『人の一生は、重荷を負うて遠き道を行くがごとし』(徳川 家康)
今年に入って、ご本山での研修会講師準備や、個人的な剣道昇段審査の稽古など、
毎日があっという間に過ぎ去った日々がようやく落ち着き、ここでお彼岸まで一段落、、。
・・・と思っていたのも束の間。
現在住職所用のため(苦笑)、不在中の中、連日お葬儀が続いています。
連続5日間で6件の葬儀が続いた後、この不在中に11件目の葬儀を控えています。
現在、ほぼ毎日お通夜、葬儀、初七日、お通夜、葬儀、初七日・・を繰り返し。
その間にはもちろん通常の法務・ご法事や会議もあり、、
先週末の法務では珍しく声が枯れてしまいました。
それが今でも尾を引きずっていまして、、、
お通夜・葬儀では高い声が出ず、大きな声を出せば声が割れてしまう、、
ご門徒さまにはさぞ聴き苦しいおつとめではなかったかと、、
とても悔しく、申し訳ない気持ちいっぱいです。
『おつとめは、大きな声を出せば良いというものではない。』
とは、私の先生から良く言われたものですが、私にとってひとつひとつのご縁はまさに『一期一会』。
これが今生最後のご縁と思い、精一杯おつとめ、お取り次ぎをさせていただくー
・・・お経の上手い下手ではなく、精一杯の気持ち、力の出し惜しみをせず、
声高らかにおつとめさせていただくこと、、これが自分にできる唯一の事だと。
しかしそれがここまで声が出ないと、、、
本当に申し訳ないやら、情けないやらで、、不甲斐ない気持ちでいっぱいになってしまいます。
そんな中、今日、あるご門徒の方がお寺に私を訪ねて来られました。
先日葬儀を務めさせていただいた、新たにお寺のご門徒になられた方でした。
手元を見ると、ビニールケースに入ったむき出しのお金、、。
目には涙をためて、
『先日は本当にありがとうございました。
あれだけ立派なおつとめをしていただいたのに、お布施があれだけしかできなくて、、
それで今日、親戚からいただいたご香典をかきを集めて、
今月分の生活保護のお金と合わせて持ってきました。
このお金を受け取って欲しい。・・・そして四十九日までお参りして欲しい、、』と。
・・・。(汗)
お婆ちゃんの唐突であまりの勢いに、一瞬言葉が出てきません、、
『・・・ありがとうございます(汗)。でもそれは受け取れません。
先日お布施はちゃんとお預かりしました。できる形でなさっていただけたら、それで充分です。

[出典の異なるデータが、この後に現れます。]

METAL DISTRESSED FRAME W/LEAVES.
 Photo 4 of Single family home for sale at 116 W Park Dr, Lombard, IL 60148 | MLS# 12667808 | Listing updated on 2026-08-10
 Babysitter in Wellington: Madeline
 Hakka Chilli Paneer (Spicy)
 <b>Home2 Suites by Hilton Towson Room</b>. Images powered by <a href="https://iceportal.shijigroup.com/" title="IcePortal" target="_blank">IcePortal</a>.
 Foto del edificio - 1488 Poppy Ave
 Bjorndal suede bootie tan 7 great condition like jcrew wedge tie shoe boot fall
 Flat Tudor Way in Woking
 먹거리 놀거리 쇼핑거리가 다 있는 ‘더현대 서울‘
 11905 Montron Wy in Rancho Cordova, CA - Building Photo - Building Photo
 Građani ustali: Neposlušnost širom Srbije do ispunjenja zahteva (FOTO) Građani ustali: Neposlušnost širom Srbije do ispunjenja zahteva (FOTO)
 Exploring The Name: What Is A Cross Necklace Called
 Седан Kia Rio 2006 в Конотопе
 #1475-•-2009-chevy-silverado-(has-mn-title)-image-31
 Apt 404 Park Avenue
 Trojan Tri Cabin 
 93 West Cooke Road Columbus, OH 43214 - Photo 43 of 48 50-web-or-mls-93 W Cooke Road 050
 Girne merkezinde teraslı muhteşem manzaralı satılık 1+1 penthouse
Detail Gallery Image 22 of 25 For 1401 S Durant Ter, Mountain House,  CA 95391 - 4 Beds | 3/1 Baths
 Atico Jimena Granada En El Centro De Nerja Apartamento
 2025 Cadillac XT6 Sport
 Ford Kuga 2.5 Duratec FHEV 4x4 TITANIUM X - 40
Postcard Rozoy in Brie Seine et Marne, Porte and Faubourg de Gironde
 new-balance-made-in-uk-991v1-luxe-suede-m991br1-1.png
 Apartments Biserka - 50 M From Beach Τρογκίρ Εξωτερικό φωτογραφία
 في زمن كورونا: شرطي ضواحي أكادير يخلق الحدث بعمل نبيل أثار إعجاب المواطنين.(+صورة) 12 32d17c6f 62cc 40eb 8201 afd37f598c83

私は私にできることを行ったまでなので、そのお気持ちだけでもう充分です。
四十九日はもちろんお参りさせていただきます。・・・でもこのお金は受け取れない、』と、、。
するとおばあちゃん、
『受け取ってもらわないと私の気持ちがおさまらない!
私は申し訳なくて、申し訳なくて…あれからずっと眠れないんです!』
『あ、ありがとうございます。気持ちは重々、有り難くいただきました。でもそれは…』(苦笑)
『いやいや!』・・・と押し問答が続き、、
『・・・じゃわかりました。来月の四十九日分のお布施として、このお金はお寺でお預かりしておきます。
でも、全部はお預かりできない。おばあちゃんも生活が大変な中で葬儀を出された事でしょうし、
必ずどこかでこのお金は必要になることがきっとあるでしょうから。
本当に締まって下さい、、私はそのお気持ちだけで、もう胸が一杯です』と、、。
お婆ちゃんは涙を流しながら、
『ありがとうございます、ありがとうございます、、』と仰って帰って行かれた。
私もその気持ちが本当に有り難くて、、涙がこぼれてしまいました。
お婆ちゃん:『再来月のお寺での永代経法要に来たいので案内を送って欲しい…』とのこと。
『・・・モチロンです!またぜひお寺にお参りに来られて下さいネ。』と。
「一期一会のご縁の中で、自分ができることを精一杯行う。」
絶対に忘れてはいけないことだと思いましたし、
今、生活の事情から、お葬儀をしたくてもできない方々が沢山いらっしゃる、、
その現実とこれからどう向き合っていくのか、一僧侶として、とても考えさせられるご縁でした。